At the end of this module, you will be able to:
- Describe the makeup of black liquor
- List the reasons for washing cooked pulp
- Identify and describe the primary process flows
- Describe the importance of countercurrent washing
- Identify and describe the components of a vacuum drum washer
- Describe the principles of a vacuum drum washer operation
- Identify and describe the components of an atmospheric diffuser
- Describe the principles of an atmospheric diffuser operation
- Identify the key process variables that effect washing
- Describe some of the safety hazards working around washing equipment
- Explain the relationship between brown stock washing and overall mill operating costs
The following key questions are answered in this module:
Why is it important to remove black liquor from pulp after cooking?

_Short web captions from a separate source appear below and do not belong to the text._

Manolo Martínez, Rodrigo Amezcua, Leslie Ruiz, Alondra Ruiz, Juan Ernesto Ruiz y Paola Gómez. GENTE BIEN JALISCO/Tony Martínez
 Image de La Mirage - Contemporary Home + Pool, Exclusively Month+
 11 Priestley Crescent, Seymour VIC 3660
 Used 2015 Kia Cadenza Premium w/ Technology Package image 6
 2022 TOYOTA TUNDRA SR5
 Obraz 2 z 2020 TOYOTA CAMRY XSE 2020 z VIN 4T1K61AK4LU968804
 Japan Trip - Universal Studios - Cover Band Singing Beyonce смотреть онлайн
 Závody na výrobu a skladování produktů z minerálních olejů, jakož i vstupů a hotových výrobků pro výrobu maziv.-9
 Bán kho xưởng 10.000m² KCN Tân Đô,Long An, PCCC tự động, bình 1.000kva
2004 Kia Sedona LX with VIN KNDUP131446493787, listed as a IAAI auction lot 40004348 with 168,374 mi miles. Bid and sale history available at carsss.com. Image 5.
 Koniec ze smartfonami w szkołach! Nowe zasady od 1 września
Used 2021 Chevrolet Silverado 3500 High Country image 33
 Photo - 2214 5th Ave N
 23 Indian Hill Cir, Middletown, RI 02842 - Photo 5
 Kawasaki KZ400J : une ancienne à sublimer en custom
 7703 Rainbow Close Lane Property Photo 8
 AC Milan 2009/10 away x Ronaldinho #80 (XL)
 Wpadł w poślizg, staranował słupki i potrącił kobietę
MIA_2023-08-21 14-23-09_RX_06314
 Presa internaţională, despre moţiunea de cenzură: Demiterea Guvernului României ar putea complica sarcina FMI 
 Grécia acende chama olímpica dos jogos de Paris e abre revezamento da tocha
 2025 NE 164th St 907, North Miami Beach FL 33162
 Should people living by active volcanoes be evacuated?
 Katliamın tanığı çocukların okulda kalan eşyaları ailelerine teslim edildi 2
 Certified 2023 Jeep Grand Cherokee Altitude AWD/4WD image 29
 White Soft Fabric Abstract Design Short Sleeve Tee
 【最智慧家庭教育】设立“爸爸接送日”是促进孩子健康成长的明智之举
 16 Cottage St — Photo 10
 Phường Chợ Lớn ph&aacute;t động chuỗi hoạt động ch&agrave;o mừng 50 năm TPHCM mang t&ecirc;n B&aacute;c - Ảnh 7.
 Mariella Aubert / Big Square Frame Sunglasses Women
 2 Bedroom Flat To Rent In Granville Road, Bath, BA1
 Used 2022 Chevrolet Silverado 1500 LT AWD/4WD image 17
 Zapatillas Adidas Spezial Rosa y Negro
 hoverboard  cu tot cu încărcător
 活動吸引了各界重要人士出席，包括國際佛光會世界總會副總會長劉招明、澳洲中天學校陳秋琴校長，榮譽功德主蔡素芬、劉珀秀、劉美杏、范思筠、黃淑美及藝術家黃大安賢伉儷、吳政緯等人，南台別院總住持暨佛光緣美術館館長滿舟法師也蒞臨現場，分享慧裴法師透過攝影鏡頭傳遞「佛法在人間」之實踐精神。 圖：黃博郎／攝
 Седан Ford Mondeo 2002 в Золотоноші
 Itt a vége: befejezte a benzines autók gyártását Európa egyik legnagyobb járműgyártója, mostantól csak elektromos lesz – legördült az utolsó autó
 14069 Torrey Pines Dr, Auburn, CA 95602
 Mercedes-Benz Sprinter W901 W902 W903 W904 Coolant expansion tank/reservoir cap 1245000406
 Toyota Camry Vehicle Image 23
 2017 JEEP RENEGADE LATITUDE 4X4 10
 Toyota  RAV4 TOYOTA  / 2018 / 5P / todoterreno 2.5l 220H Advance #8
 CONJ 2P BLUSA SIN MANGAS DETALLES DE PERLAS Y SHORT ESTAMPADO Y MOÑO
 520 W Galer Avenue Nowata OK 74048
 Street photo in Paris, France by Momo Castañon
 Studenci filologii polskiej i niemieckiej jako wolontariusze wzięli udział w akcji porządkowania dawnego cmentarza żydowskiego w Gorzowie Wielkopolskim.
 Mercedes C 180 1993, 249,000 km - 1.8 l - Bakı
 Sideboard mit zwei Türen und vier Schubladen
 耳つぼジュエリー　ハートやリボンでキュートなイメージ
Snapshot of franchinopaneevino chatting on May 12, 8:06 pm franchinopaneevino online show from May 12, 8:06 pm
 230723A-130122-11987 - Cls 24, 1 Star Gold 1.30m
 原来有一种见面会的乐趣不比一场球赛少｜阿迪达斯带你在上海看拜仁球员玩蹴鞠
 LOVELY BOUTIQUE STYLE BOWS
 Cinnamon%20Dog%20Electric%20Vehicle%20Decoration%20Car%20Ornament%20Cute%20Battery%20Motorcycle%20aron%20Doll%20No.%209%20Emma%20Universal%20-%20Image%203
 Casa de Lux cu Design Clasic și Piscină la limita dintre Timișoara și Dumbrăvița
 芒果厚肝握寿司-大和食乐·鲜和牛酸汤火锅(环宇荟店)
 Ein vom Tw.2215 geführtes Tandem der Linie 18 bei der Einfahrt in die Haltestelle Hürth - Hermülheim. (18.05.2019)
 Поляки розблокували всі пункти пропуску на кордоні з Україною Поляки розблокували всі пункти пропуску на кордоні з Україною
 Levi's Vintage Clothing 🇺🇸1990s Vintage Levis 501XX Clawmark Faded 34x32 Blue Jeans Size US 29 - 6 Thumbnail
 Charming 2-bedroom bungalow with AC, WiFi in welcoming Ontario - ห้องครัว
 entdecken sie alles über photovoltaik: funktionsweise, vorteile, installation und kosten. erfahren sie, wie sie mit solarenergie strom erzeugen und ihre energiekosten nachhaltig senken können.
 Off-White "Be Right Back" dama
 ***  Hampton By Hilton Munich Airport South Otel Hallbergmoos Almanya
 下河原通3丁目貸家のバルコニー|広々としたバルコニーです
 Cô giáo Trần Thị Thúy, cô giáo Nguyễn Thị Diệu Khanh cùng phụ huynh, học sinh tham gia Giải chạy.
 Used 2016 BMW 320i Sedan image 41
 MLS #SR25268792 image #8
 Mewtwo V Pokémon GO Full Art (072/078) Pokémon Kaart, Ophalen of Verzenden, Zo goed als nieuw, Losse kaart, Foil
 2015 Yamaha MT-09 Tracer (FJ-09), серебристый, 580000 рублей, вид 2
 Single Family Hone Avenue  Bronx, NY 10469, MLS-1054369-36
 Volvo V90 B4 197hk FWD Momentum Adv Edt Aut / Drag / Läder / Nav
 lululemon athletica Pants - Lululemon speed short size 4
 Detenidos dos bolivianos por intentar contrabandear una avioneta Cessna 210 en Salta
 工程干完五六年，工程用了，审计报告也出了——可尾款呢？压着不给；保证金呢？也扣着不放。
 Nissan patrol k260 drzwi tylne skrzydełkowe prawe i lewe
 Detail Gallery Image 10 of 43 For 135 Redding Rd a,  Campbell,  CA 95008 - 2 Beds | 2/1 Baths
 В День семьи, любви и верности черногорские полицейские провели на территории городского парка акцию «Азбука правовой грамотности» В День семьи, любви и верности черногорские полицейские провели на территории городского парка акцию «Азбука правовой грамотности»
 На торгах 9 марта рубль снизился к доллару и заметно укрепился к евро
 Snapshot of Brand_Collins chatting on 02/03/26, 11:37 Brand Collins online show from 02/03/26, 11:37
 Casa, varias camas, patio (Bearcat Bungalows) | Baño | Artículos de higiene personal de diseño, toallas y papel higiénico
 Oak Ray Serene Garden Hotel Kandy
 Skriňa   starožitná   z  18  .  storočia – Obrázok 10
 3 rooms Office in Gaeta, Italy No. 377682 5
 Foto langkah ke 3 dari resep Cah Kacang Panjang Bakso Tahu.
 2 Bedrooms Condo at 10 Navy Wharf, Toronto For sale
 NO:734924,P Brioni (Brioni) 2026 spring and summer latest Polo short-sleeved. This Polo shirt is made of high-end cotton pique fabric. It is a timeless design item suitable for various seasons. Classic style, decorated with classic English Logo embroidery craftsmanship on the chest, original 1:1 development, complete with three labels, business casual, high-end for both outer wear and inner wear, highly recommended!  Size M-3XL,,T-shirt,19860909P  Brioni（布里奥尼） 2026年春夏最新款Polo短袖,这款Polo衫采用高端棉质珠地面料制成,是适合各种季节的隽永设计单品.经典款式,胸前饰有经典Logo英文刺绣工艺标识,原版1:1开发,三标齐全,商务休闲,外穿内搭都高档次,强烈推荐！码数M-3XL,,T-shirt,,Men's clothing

There are two reasons. 1) Cooked pulp could not be made into paper without removing the black liquor, and 2), the inorganic chemicals in the black liquor can be reused once they are separated.
What is the principle behind countercurrent washing?
Countercurrent washing takes advantage of the fact the very dirty pulp can be washed with somewhat dirty liquor. This allows wash liquor to be reused multiple times.
What is the source of vacuum for most vacuum drum washers?
The vacuum in most drum washers is derived from gravity pulling the filtrate removed from washer down a dropleg.
What are some of the factors which affect the performance of a drum washer?
Some of the factors which affect washer performance are shower and stock temperature, shower flow and distribution, drum speed and vat consistency.
What are three different configurations of brown stock washers?
Washer types include drum, belt, and diffusion washers.
Below is a transcript of the video sample provided for this module:
The most common brown stock washing system uses a series of vacuum drum washers. The primary element of a vacuum drum washer is a large compartmentalized cylinder or drum, which has its outer surface covered with a fine mesh. This drum is partially submerged in a vat filled with diluted pulp. As the drum slowly turns through the pulp suspension in the vat, a partial vacuum within the drum causes a mat of fiber to form on the surface as liquor is pulled into the drum. Once out of the vat, liquor continues to be pulled from the mat.